Scraped caption text data:
----------------
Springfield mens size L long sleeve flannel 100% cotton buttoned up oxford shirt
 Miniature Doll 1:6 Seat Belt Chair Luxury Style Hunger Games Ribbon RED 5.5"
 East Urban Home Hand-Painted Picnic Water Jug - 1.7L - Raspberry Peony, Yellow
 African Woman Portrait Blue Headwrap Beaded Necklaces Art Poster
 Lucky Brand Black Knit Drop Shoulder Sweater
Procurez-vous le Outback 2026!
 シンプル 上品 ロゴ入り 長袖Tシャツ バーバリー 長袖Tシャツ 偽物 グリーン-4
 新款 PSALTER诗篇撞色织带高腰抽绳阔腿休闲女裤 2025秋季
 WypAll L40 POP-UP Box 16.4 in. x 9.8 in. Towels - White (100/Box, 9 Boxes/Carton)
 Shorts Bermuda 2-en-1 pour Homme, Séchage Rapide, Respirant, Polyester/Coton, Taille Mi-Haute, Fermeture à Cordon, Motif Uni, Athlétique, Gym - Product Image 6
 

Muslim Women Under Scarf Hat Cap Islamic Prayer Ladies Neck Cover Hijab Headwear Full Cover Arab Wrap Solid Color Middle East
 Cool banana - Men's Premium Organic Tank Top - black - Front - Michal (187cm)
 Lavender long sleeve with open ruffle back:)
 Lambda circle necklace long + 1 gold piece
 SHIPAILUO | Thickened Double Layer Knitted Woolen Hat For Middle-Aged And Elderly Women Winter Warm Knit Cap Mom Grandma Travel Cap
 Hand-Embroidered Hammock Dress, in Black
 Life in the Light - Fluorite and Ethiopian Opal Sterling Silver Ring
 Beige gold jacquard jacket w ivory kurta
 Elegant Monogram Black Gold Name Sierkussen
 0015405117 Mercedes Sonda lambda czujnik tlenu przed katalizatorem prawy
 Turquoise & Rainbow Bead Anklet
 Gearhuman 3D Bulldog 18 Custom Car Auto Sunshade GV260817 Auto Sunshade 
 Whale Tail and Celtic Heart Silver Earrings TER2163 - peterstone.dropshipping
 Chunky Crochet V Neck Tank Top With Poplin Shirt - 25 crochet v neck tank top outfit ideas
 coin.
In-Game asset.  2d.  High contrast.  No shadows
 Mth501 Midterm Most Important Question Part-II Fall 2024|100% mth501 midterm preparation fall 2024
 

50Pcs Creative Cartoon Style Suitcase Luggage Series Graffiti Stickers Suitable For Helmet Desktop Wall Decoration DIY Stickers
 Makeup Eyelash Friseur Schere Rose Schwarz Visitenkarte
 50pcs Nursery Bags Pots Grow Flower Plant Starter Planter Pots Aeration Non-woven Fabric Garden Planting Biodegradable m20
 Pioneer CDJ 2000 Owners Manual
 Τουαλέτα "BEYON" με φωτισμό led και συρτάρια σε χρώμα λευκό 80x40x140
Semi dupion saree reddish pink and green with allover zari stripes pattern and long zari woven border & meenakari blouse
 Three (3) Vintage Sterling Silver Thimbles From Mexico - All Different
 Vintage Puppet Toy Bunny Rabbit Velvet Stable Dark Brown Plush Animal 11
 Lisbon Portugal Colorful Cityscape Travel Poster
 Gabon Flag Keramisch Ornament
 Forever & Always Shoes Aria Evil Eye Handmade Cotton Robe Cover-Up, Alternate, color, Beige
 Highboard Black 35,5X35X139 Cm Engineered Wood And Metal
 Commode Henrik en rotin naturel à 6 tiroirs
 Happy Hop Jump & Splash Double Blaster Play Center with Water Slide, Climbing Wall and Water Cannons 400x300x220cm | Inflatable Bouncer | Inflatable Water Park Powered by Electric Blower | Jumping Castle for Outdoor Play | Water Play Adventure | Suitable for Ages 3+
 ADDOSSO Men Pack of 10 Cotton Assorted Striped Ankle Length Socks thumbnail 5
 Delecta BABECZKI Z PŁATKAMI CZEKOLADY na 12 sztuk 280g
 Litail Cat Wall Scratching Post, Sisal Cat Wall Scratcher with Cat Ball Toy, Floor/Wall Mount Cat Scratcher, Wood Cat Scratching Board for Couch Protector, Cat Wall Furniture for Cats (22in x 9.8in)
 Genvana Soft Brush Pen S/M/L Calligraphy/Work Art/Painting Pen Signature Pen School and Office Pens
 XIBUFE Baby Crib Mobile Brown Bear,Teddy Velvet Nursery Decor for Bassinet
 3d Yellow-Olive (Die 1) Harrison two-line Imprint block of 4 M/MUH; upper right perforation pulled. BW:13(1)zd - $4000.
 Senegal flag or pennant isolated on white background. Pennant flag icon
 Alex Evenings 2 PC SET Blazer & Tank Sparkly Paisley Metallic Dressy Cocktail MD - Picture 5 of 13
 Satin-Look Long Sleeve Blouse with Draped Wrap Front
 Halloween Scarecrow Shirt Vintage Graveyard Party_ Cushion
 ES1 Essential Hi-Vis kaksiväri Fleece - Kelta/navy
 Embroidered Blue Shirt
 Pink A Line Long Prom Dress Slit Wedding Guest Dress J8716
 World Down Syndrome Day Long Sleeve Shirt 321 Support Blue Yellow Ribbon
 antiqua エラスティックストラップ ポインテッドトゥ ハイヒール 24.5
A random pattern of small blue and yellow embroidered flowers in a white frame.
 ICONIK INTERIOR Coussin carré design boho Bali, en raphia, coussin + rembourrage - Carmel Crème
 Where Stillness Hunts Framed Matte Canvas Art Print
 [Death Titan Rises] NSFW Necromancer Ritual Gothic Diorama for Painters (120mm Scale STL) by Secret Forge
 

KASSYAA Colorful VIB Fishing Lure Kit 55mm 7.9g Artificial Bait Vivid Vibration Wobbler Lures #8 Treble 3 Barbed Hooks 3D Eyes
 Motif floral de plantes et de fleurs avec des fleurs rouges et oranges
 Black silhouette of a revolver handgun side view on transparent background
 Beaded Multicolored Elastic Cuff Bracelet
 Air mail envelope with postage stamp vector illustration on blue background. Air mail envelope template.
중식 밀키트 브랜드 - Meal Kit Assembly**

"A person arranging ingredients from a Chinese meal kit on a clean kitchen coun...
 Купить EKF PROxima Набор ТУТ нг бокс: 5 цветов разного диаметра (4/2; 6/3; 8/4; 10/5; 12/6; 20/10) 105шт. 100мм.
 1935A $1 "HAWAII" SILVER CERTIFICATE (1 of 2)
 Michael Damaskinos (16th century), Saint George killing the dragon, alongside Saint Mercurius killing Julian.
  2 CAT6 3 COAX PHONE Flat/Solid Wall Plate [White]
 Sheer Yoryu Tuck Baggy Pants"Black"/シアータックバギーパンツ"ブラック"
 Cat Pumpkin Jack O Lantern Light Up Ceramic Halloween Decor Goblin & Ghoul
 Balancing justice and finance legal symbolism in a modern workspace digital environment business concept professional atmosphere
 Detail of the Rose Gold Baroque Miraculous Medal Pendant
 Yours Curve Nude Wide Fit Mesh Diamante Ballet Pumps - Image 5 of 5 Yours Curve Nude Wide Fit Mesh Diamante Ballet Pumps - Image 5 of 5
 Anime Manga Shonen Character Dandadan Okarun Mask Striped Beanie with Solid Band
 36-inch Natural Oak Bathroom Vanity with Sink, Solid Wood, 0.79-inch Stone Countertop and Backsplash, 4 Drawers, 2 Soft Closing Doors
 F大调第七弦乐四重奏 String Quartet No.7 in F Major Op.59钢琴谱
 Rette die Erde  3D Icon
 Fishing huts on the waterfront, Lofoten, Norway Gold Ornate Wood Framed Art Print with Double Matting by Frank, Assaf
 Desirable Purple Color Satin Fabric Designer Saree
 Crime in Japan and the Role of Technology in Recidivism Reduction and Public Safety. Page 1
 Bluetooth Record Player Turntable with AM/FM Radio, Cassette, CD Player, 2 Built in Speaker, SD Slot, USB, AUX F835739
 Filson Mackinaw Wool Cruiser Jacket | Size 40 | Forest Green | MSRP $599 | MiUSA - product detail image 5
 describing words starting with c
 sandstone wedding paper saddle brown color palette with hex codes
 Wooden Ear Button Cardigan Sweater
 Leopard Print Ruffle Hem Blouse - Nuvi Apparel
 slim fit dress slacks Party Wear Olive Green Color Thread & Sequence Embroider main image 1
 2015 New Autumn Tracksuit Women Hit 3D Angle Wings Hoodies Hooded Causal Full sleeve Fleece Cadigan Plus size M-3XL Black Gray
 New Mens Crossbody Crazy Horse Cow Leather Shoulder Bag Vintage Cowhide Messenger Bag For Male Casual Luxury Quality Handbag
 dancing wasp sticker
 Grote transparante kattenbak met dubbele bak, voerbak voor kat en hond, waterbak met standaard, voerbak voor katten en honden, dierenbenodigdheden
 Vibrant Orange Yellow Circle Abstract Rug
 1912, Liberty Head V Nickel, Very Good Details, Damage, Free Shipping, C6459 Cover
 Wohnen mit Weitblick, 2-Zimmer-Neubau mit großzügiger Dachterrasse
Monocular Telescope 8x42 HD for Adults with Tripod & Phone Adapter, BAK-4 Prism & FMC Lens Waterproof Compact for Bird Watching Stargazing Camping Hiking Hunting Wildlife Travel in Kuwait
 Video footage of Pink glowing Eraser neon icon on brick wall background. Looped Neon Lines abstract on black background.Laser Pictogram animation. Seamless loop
----------------
■ Task prompt:
Would you retype exactly the lines above, from the line with "Lambda circle necklace long + 1 gold piece" to the line with "Life in the", with both end lines kept and nothing more?

■ Answer space:
 Lambda circle necklace long + 1 gold piece
 SHIPAILUO | Thickened Double Layer Knitted Woolen Hat For Middle-Aged And Elderly Women Winter Warm Knit Cap Mom Grandma Travel Cap
 Hand-Embroidered Hammock Dress, in Black
 Life in the Light - Fluorite and Ethiopian Opal Sterling Silver Ring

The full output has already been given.